The court held that the respondents had failed in their duty of failing to stop the processes and activities that contribute to the pollution of the rivers, which infringed on the petitioners’ right to a clean and healthy environment.
However, what may have gone unnoticed at the time is the judge’s by-the-way statement made as she delivered her judgment. Justice Bor referred to the rights of nature approach adopted by New Zealand in granting the Whanganui River legal personality, and the decision by the Supreme Court of Columbia in recognising that the Amazon River has rights deserving protection. She pointed out that these are some of the creative and effective approaches adopted globally to deal with pollution. While the learned judge did not in this instance recognise the rights possessed by the Nairobi and Athi rivers, her decision points to the increasing awareness of the need to adopt a different approach in protecting the environment.
The rights of nature approach
The rights of nature approach propounds that ecosystems should have legal personalities that give them the right to defend themselves against environmental deterioration or climate change. This approach emphasises that ecosystems have the right to flourish and organically evolve without human interference. Early proponents of the rights of nature approach include Christopher Stone, who in his book Should Trees Have Standing?: Law, Morality and Environment, suggests that natural resources such as rivers should have the ability to:
- lodge a suit against a polluter in the river’s name;
- hold the polluter liable for changing its state from oxygenated to polluted and lifeless; and
- obtain judgment in the river’s favour where any monetary sums paid would be used in restoring the river rather than compensating the residents of the area who have been affected by the pollution.
As such, according nature legal personhood signifies that nature has a set of legal rights akin to human rights.
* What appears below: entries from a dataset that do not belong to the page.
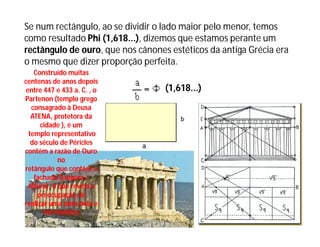 Se num rectângulo, ao se dividir o lado maior pelo menor, temos
como resultado Phi (1,618...), dizemos que estamos perante um
rectângulo de ouro, que nos cânones estéticos da antiga Grécia era
o mesmo que dizer proporção perfeita.
    Construído muitas
centenas de anos depois
 entre 447 e 433 a. C. , o         (1,618...)
Partenon (templo grego
   consagrado à Deusa
   ATENA, protetora da
      cidade ), é um
  templo representativo
   do século de Péricles
contém a razão de Ouro
             no
retângulo que contêm a
    fachada (Largura /
  Altura), o que revela a
     preocupação de
realizar uma obra bela e
       harmoniosa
However, unlike human rights, the rights of nature do not ascribe civil and political rights but comprise of three main elements: the right to sue and be sued; the right to own property; and the right to enter and enforce legal contracts.
International examples
Such an approach is increasingly being adopted in different parts of the world. It has been adopted in India where the High Court of Uttarakhand declared the Ganga River and Yamuna River to be living entities with corresponding rights, duties and liabilities to those of a living person. The court treated the two rivers as minors and therefore appointed guardians to conserve, protect and preserve them. More recently, in April 2022, the Madras High Court in India held that Mother Nature has all corresponding rights, duties and liabilities of a living person, and should therefore be treated as such. In Ecuador, the constitution provides that nature has the right to integral respect, maintenance and regeneration of its life cycles, structure, functions and evolutionary processes. The Constitutional Court has recognised and upheld the rights of the Los Cedros Forest by revoking mining permits issued to mining corporations to conduct exploratory mining in Los Cedros, arguing that the mining activities threatened the biodiversity and fragile ecosystems of the forest. In this instance, the court called for the adoption of precautionary and restrictive measures to protect the forest.
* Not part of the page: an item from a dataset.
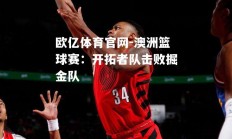 欧亿体育官网-澳洲篮球赛：开拓者队击败掘金队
In Columbia, the courts have declared both the Amazon Forest and the Atrato River to be legal entities with the right to protection, conservation, maintenance and restoration by the state. On its part, New Zealand enacted the Te Awa Tupua (Whanganui River Claims Settlement) Act 2017 (Act) which stipulates that the Whanganui River is a living entity and a legal person. The Act establishes the river’s guardian body to act and speak for the river and to promote and protect the environmental, social, cultural, and economic health and well-being of the river. The Act also establishes a strategy group comprising community representatives, local authorities, the Government, commercial and recreational users and environmental groups whose purpose is to act collaboratively to advance the health and well-being of the river. The guardians administer a fund, Te Korotete, which provides financial support to the well-being of the Whanganui River. In the US, Lake Mary Jane, Lake Hart, the Crosby Island Marsh, and two streams have filed a suit against Orange County, seeking to protect themselves from the rampant construction and development in the region which threatens the ecosystems’ existence.
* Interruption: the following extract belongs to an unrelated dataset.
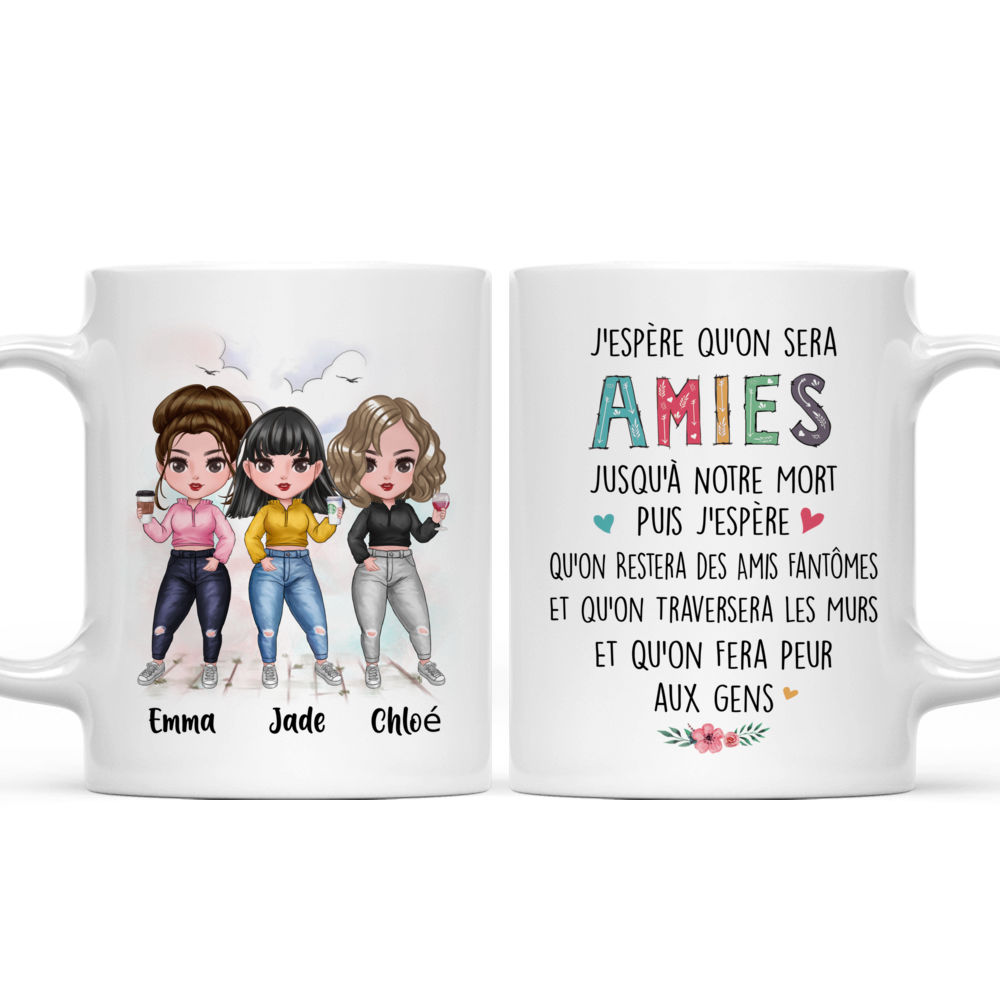 Personalized Mug - Taza Personalizada - J'espère qu'on sera Amies Jusqu'à Notre Mort Puis J'espère Qu'on Restera des Amis Fantômes Et qu'on Traversera les Murs Et Qu'on Fera Peur aux gens - French_3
Anthropocentrism v biocentrism
The running theme in India, Columbia, Ecuador, the US and New Zealand in recognising nature’s legal personality is the progressive biocentric approach preferred in place of the traditional anthropocentric approach. The differing approaches draw attention to the constant conflict between human beings and the environment. The anthropocentric approach is centred on the belief that the earth and everything in it is meant to serve and meet the needs of human beings. Proponents of this approach believe that the earth will and should continually give towards meeting human needs, which justifies any action taken in meeting these needs. As such, all objects in the universe derive their value based on the value they give human beings. The anthropocentric ideology was eloquently captured by Kurt Baier who asserted that,
“the universe was made for the express purpose of providing a stage on which to enact a drama starring Man in the title role.”
On the other hand, the biocentric approach rejects the idea that human beings have greater value than nature and advocates for the recognition of nature and human beings as having equal value, capable of protection. In contributing to the debate on biocentrism v anthropocentrism, Frederick Ferré commented that,
“the exclusive short-sighted attention to what is good for Homo sapiens has proven ruinous, and promises to inflict even more environmental damage in the future”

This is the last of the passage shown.